Сара Бернар - Моя двойная жизнь Страница 2
Сара Бернар - Моя двойная жизнь читать онлайн бесплатно
Потомки судили о ней строго. Обвиняли в хаотичности биографии, которую она творила по собственному произволу Ее свобода была бессистемной, она не хотела опираться на традицию. Репутация ее могла бы быть весомей (во всяком случае для историков театра), останься она в Комеди Франсез и никуда не бегая. Вот ее партнер по этому театру и трагедии — Жан Муне-Сюлли (они вместе играли восемь лет), в те же годы, в тех же спектаклях покоривший парижскую публику, так и прожил актером, сосьетером, дуайеном Комеди Франсез, потом ветераном театра до самой смерти в 1916 году. Свои роли он бережно хранил десятилетиями, а роли — отборные: Орест, Ипполит, Рюи Блаз, Эрнани, Отелло, Гамлет… Сара же после 1880 года вдохновляла знакомых писателей на продукцию очень среднего качества. Ей не изменяло чутье — что понравится публике, но вкус изменял. Приняла бы современная публика и ее певучую декламацию, и ее героинь из эффектных, ныне совсем забытых мелодрам, в свое время так нравившихся зрителям? Историки в этом не уверены.

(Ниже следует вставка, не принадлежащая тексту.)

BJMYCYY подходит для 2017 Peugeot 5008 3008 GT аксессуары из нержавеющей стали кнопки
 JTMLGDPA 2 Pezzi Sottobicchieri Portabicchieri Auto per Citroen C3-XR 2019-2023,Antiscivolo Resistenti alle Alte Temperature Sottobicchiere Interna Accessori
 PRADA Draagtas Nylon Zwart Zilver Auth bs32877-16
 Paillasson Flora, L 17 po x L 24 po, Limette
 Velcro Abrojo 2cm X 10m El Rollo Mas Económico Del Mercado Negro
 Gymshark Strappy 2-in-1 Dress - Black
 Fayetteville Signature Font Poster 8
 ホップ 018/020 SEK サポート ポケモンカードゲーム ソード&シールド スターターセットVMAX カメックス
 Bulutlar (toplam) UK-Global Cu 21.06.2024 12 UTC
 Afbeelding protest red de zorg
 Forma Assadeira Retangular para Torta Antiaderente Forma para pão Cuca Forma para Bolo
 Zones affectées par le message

Возможно, потому и слава ее была слишком громкой, что она целиком принадлежала своей эпохе, ничего не оставляя впрок, — она была «идеальной актрисой периода 1870–1900 годов, в высшей степени оригинальной, в чудесном согласии с современным вкусом, неподражаемой в другом чудесном согласии между ролями и актерскими средствами», — писал ее французский биограф.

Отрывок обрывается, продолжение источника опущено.